● **Material provided**:
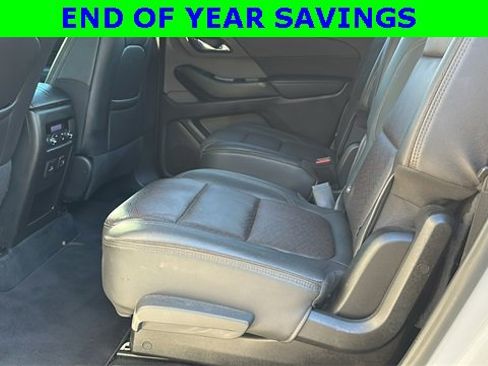Used 2023 Chevrolet Traverse High Country image 22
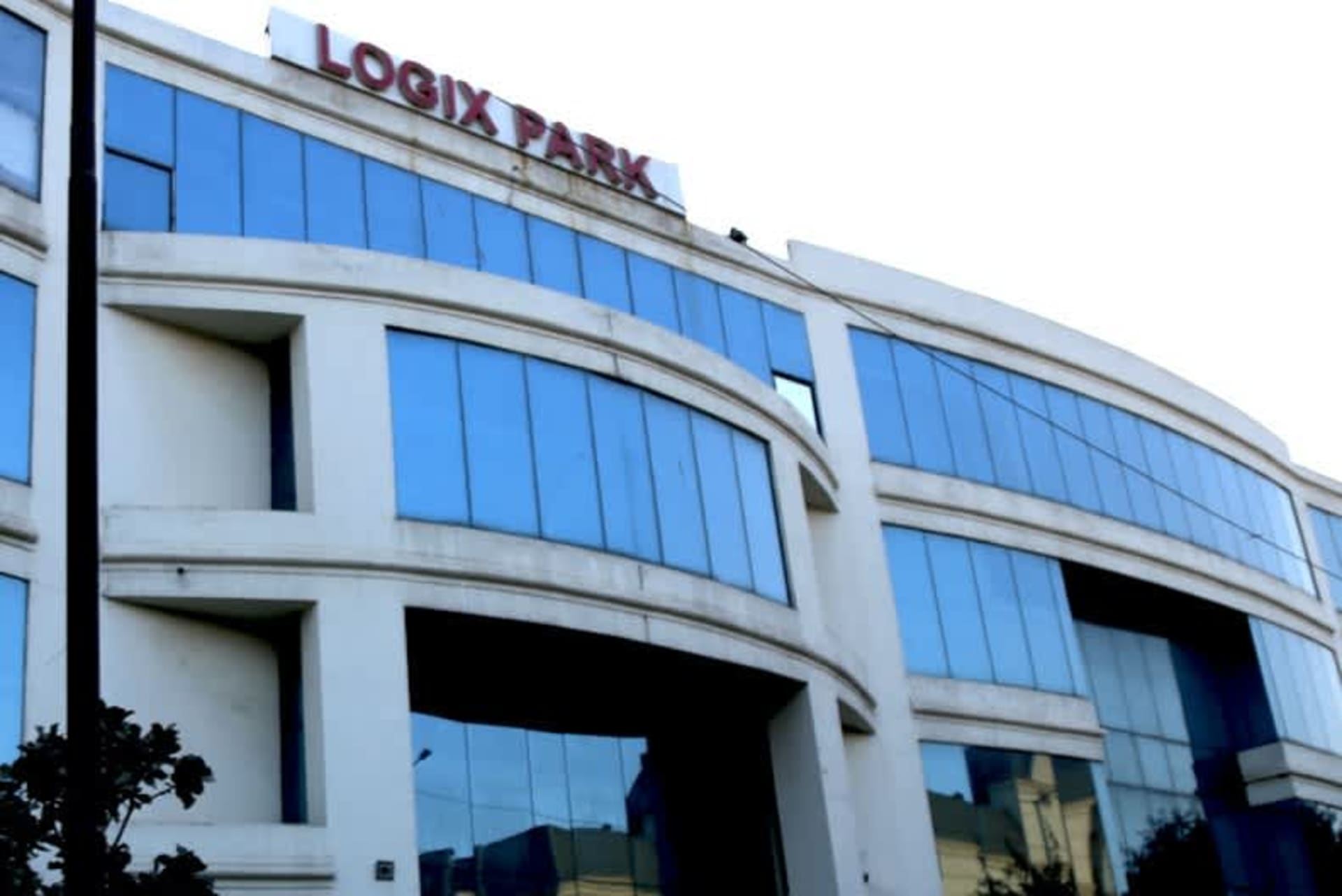 Logix Park - coworking space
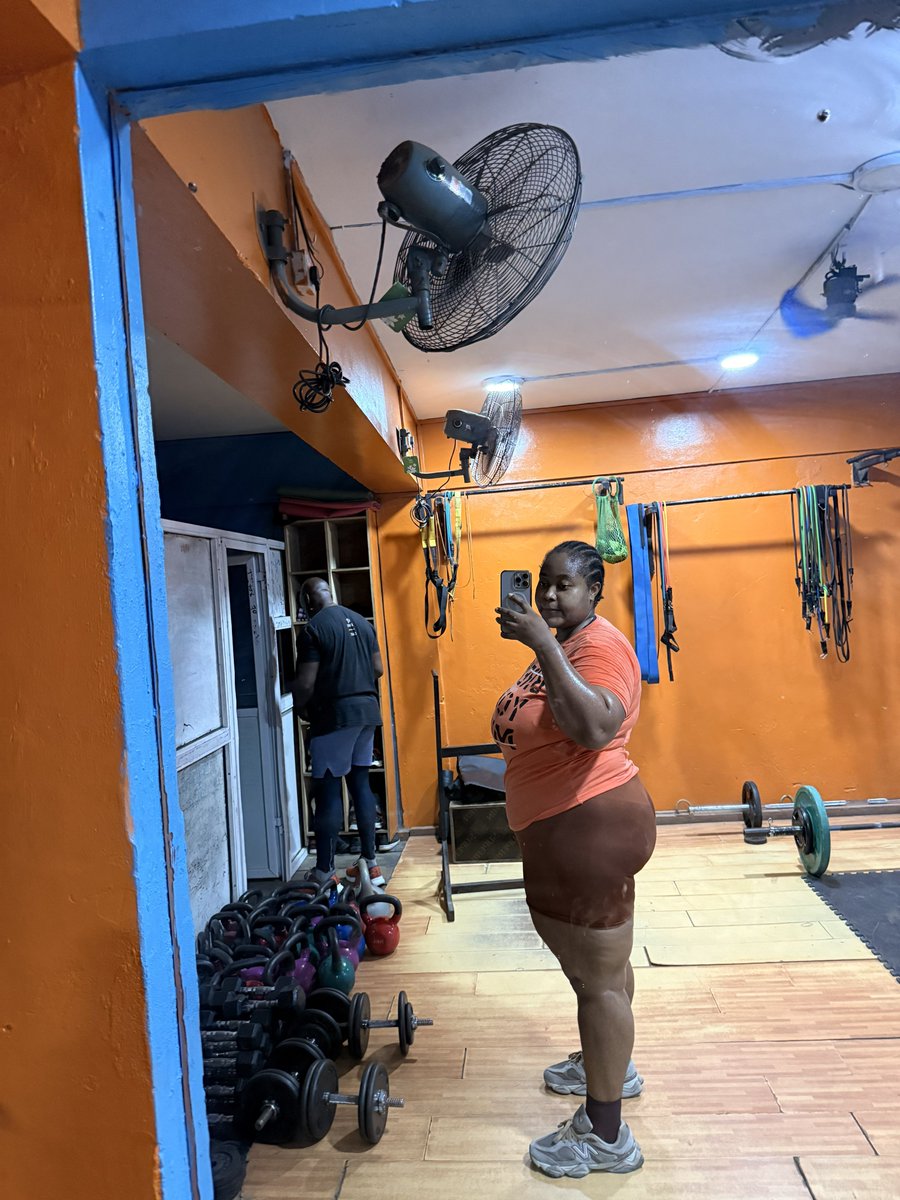ADAEZE👩‍🍳👸-THE BLUEPRINT/ODOGWU OF BANANA BREAD tweet media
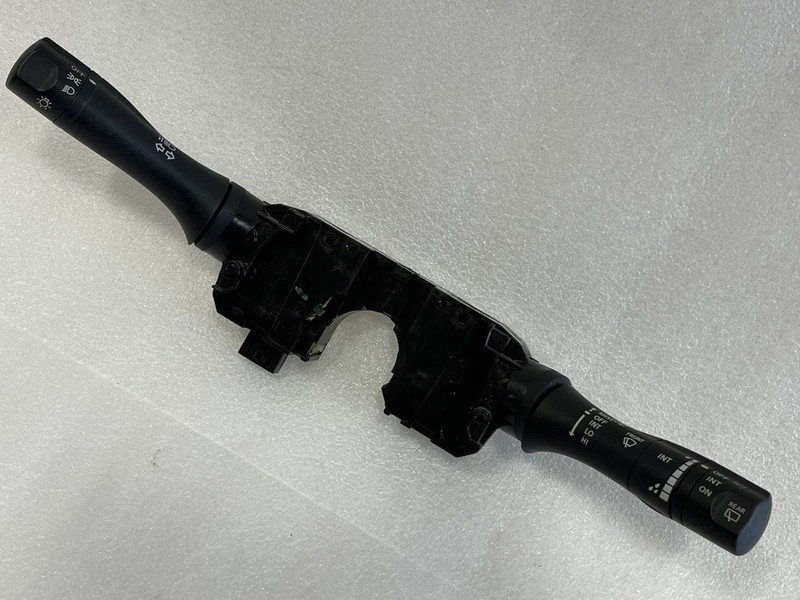 2013 - 2020 NISSAN PATHFINDER STEERING COLUMN SWITCHES TURN SIGNAL WIPER CONTROL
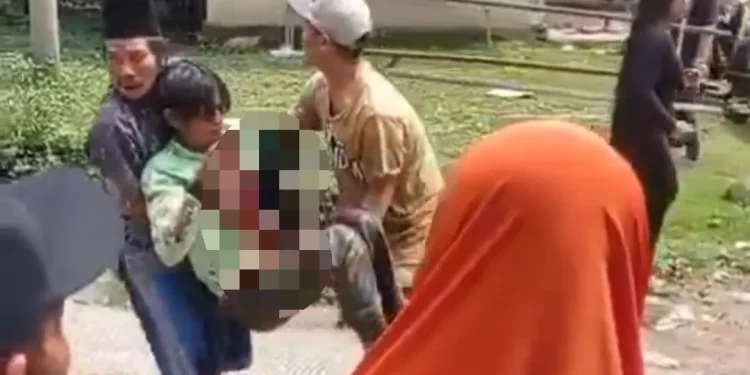 Korban pembacokan digotong oleh warga. Foto: tangkapan layar video warga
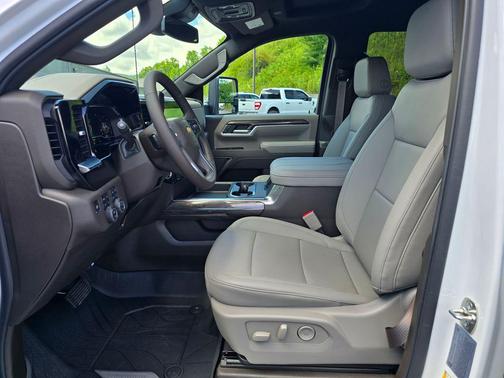 2025 Chevrolet Silverado 3500 LTZ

● **Problem description**:
Word for word, repeat the material above and drop the pictures.

● **Answer box**:
Used 2023 Chevrolet Traverse High Country image 22
 Logix Park - coworking space
ADAEZE👩‍🍳👸-THE BLUEPRINT/ODOGWU OF BANANA BREAD tweet media
 2013 - 2020 NISSAN PATHFINDER STEERING COLUMN SWITCHES TURN SIGNAL WIPER CONTROL
 Korban pembacokan digotong oleh warga. Foto: tangkapan layar video warga
 2025 Chevrolet Silverado 3500 LTZ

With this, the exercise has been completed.